As far as your other suggestion goes, don't reinvent crypto badly - if you want to provide authentication support in listener(), provide a hook that allows the application to decide whether or not to accept the configuration before it gets applied. They can then choose there own authentication mechanism based on their own needs, and handle any appropriate security updates. Some will choose a simple shared secret, some may choose to require a cryptographic signature, some may pass the entire payload in an encrypted form.

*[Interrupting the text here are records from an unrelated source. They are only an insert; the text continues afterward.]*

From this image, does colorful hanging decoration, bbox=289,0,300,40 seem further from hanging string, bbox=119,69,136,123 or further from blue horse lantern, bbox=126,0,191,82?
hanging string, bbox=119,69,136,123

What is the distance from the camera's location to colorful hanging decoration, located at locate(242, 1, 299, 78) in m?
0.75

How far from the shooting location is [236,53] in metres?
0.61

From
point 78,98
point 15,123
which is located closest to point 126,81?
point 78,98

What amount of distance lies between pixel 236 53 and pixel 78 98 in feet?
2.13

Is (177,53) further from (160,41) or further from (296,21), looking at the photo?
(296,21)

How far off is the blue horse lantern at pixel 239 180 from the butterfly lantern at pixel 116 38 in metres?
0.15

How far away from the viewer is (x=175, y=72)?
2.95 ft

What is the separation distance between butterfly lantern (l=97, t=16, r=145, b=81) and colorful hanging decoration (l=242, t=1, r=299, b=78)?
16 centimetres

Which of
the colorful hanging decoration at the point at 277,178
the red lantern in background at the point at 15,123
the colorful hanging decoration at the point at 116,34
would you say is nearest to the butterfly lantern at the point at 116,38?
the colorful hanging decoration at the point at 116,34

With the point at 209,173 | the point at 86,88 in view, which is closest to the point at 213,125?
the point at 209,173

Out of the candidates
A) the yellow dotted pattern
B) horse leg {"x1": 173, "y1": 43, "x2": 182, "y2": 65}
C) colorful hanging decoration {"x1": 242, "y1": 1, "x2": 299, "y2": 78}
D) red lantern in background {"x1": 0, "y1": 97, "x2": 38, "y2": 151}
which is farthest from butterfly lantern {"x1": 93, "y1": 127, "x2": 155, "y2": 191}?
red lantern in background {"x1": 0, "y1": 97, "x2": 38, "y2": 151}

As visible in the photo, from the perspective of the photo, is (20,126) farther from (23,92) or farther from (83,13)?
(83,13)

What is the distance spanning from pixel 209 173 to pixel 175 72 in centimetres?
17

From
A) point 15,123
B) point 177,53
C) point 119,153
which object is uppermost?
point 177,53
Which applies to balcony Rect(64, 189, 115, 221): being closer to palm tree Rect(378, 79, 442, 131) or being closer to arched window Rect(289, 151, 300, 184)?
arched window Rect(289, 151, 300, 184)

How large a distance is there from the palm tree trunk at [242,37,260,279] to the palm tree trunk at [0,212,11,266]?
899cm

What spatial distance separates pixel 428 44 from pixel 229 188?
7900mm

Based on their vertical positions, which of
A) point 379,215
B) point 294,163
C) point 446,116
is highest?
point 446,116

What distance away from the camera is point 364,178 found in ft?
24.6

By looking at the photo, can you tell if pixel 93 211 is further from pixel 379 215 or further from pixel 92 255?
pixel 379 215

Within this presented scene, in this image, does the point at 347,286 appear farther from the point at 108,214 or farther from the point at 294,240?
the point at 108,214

However, this isn't an either/or situation - we can, and should, do both (i.e. provide a hook that allows the application to preauthenticate the configuration before it is applied, as well as replacing the use of eval() with something more limited like str.format lookup syntax). The right security mindset is to set up defence in depth, not trust one particular layer of defence to handle all possible varieties of attack.

[vsajip]

As far as your other suggestion goes, don't reinvent crypto badly -
if you want to provide authentication support in listener(), provide a
hook that allows the application to decide whether or not to accept
the configuration before it gets applied.

Well, that's fine. My earlier suggestion keeps the API change to a minimum, but I suppose there's no real need to be so minimal.

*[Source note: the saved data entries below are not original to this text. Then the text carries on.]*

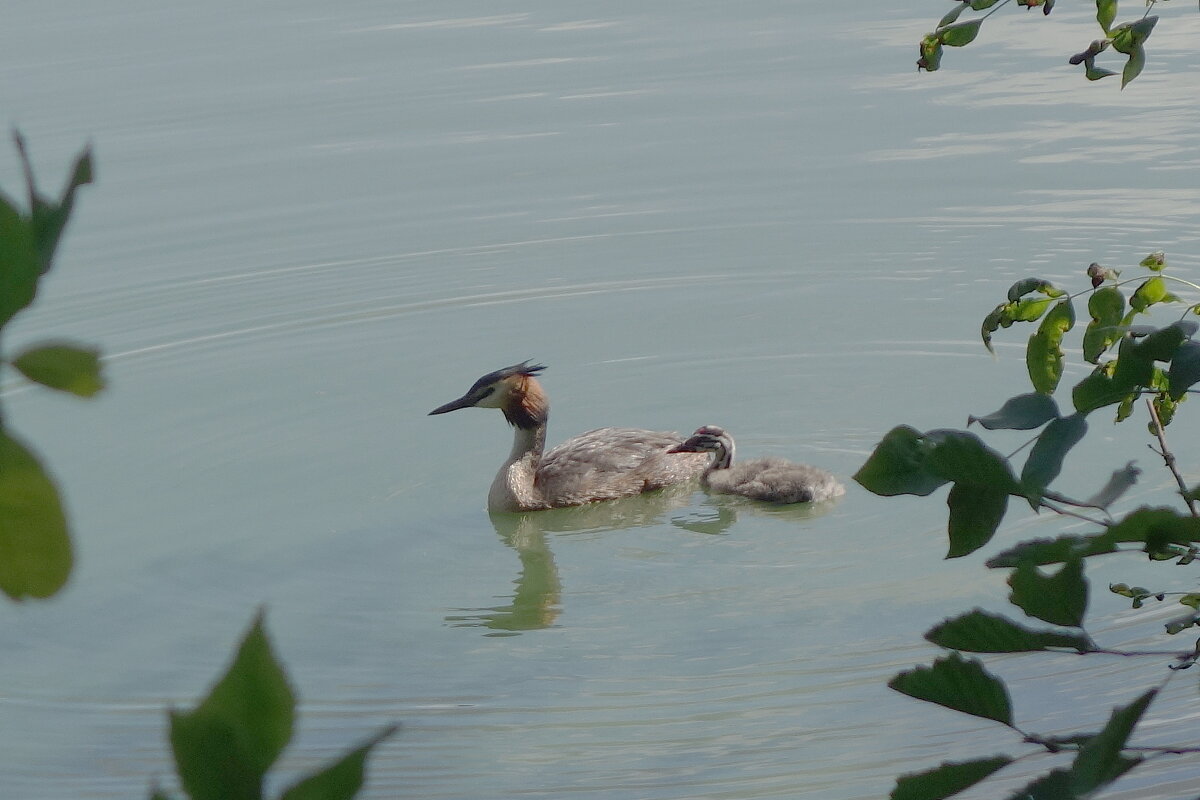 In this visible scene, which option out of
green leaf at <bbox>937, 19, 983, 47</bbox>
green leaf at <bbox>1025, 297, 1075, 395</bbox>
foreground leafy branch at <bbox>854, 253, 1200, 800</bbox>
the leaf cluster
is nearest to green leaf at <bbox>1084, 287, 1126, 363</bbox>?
green leaf at <bbox>1025, 297, 1075, 395</bbox>

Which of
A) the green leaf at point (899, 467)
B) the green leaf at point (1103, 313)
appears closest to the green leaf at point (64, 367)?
the green leaf at point (899, 467)

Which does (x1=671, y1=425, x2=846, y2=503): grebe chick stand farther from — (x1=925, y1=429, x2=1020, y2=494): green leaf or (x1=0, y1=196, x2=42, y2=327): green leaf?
(x1=0, y1=196, x2=42, y2=327): green leaf

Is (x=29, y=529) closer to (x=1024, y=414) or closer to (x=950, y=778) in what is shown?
(x=950, y=778)

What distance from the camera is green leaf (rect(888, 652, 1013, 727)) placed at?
1274 mm

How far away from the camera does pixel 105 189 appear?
1140 cm

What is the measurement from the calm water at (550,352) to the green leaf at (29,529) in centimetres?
1

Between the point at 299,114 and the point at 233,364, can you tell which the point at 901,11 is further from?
the point at 233,364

I suppose the basic approach would be to pass to listen() an optional verify callable (defaulting to None) which, if provided, would be called with the bytes received over the socket. That allows for e.g. signed or encrypted data. The value returned from the verify() call would be processed as the current received value is (allowing the verifier to transform the input, e.g. by decrypting it).

[ncoghlan]

Yep, that's exactly the kind of hook I had in mind. That way the user can decide for themselves what level of scrutiny they want to apply.

[python-dev]

New changeset 26c3d170fd56 by Vinay Sajip in branch 'default':
Issue bpo-15452: Added verify option for logging configuration socket listener.
http://hg.python.org/cpython/rev/26c3d170fd56

[vsajip]

I've updated logging as discussed in this issue, except for the removal of the two calls to eval() in logging.config. I propose to resolve that as follows:

1. Add the Evaluator implemented in the Gist I linked to to ast.py.

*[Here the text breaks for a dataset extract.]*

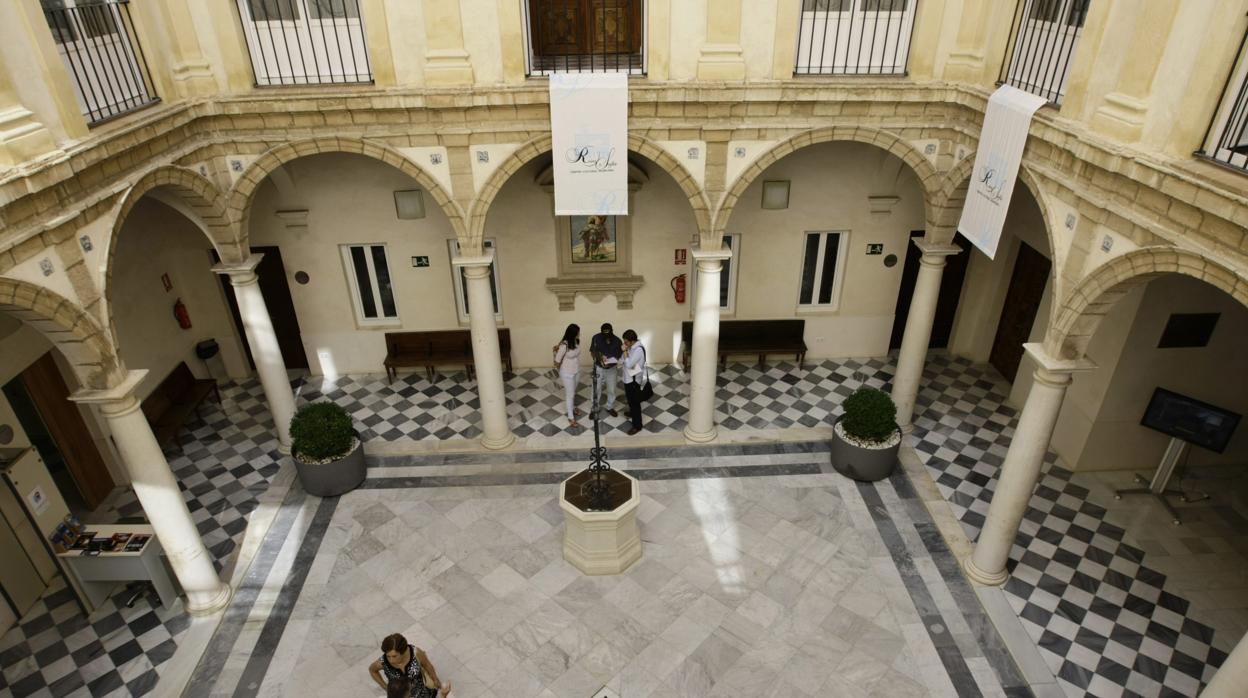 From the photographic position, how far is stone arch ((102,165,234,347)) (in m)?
7.29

2. Expose a function 'ast.lookup_eval(source, context, allow_import)' which basically just does a

   return Evaluator(context, allow_import).evaluate(source, '<lookup_eval>')

3. Add docs and tests to ast.rst and test_ast.py.

4. Update logging.config to call ast.lookup_eval() instead of eval().

Please comment if you see any problems with this, otherwise I will go
ahead and implement this change within the next week or so.

[python-dev]

New changeset fe1804387687 by R David Murray in branch 'default':
whatsnew: logging.config.listen *verify* (bpo-15452).
http://hg.python.org/cpython/rev/fe1804387687

[tiran]

Can this ticket be closed?

[vsajip]

Can this ticket be closed?

I suppose so - I didn't implement the addition of lookup_eval() to the ast module as I thought it might be a slight overkill. Given that the calls to eval() from fileConfig() have been there from when logging was added to the stdlib, and as this ticket has been quiet since 2012, I suppose there's no real concern about the eval() being a security issue. If there is such a concern, then my proposal to add lookup_eval() to the ast module should be considered (it didn't get any review comments when I proposed it).